LOCKING [<table-name>] FOR <desired-locking> [NOWAIT]
LOCKING ROW FOR <desired-locking>
LOCKING DATABASE <database-name> FOR <desired-locking>
LOCKING VIEW <view-name> FOR <desired-locking>
LOCKING TABLE <table-name> FOR <desired-locking>

The first syntax listed above defaults to a ROW level lock using the desired lock. So, the
first two LOCKING requests do the same thing. To make the command shorter, the
LOCKING can be abbreviated to LOCK.

The first syntax format also shows the NOWAIT option. It indicates that if a resource is
not available the statement should not wait. Instead, it will instantly ABORT. There is
another option called MODE that can be used.
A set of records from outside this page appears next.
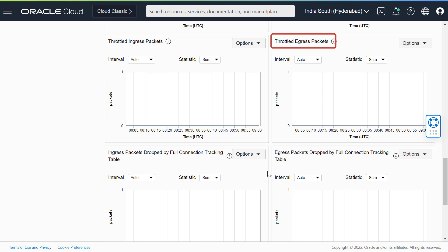Throttle egress packets. Packets sent from the VNIC that are dropped due to throttling. These drops indicate that outbound traffic is exceeding the allotted bandwidth for the compute shape.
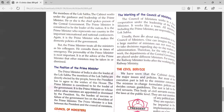The prime minister of India is also the leader of the Lok Sabha. The members of the Lok Sabha are directly elected by the people, hence the president has to agree to the wishes of this house. The prime minister is the leader of government, and on his or her advice, other ministers are appointed or dismissed by the president. The burden of the success or failure of the government lies on the shoulders of the prime minister.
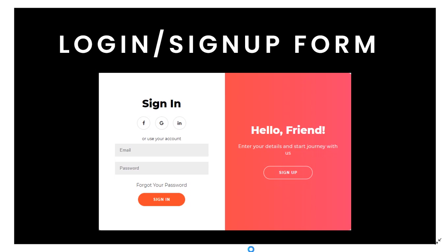In this video I will be showing how to make the front end of this form. In the next videos I will be showing how to make this form dynamic — we will see how to sign up and sign in using PHP. This will be a 3 video series in which I will be showing these things.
However, it does not do anything and is
there strictly for compatibility with DB/2 SQL. Lastly, also for compatibility, the FOR
can be changed to an IN. The NOWAIT is available for all locking requests.
The other specification in the above formats is used for specifying the database object to lock. In reality, multiple LOCKING modifiers might exist on a single SELECT. For
instance, in a join operation an ACCESS lock might be requested for one table and not
the other.

This chart shows which SQL commands can use the modifier:

Modifier SQL allowed with Modifier Level
EXCLUSIVE INSERT,UPDATE,DELETE,SELECT Table, View or Row
WRITE SELECT Table, View or Row
 READ SELECT Table, View or Row
ACCESS SELECT Table, View or Row
The above chart shows that the SELECT is the only command that can use the
LOCKING FOR modifier for anything other than EXCLUSIVE. This is because most
locks cannot be downgraded to a lesser lock, without causing potential data integrity
issues. Since the SELECT is not changing data, it can be downgraded safely.
It is very common to use the ACCESS locking when creating a view. Since most views
only SELECT rows, a WRITE lock is not needed. Plus, if maintenance is being
performed on a table, selecting rows using a view with an ACCESS lock is not delayed
due to a WRITE lock. So, users are happy and don’t call to complain that the “system is
slow.”

Another time to use the LOCKING modifier is for multi-step transactions. Consider this
situation: The first step is a SELECT and obtains a READ lock. This lock allows other
users to also SELECT from the table with a READ lock. Then, the next step of the
transaction is an UPDATE. It must now upgrade the READ lock to a WRITE lock.

This upgrade of the lock cannot occur while other users have a READ lock on the
resource. Therefore, the transaction must wait for the READ locks to disappear. This
might dramatically increase the time to complete the maintenance transaction. Therefore, by upgrading the initial default of a READ lock to a WRITE lock for the SELECT it eliminates the potential for a delay in the middle of the transaction.

The next SELECT uses the ACCESS lock, common in a View:

EXPLAIN
LOCKING ROW FOR ACCESS
WHERE customer_name LIKE ‘Billy%’ ;

Explanation
 1) First, we lock MIKEL.Customer_table for access.
 2) Next, we do an all-AMPs RETRIEVE step from MIKEL.Customer_table by
   way of an all-rows scan with a condition of (
   "MIKEL.Customer_table.Customer_name LIKE 'Billy%'") into Spool 1,
   which is built locally on the AMPs. The size of Spool 1 is
   estimated with no confidence to be 4 rows. The estimated time for
   this step is 0.15 seconds.
 3) Finally, we send out an END TRANSACTION step to all AMPs involved
   in processing the request.
 -> The contents of Spool 1 are sent back to the user as the result of
   statement 1. The total estimated time is 0.15 seconds.


Since the locking modifier can name the table, each table may use different locking when multiple tables are referenced in the same SQL statement.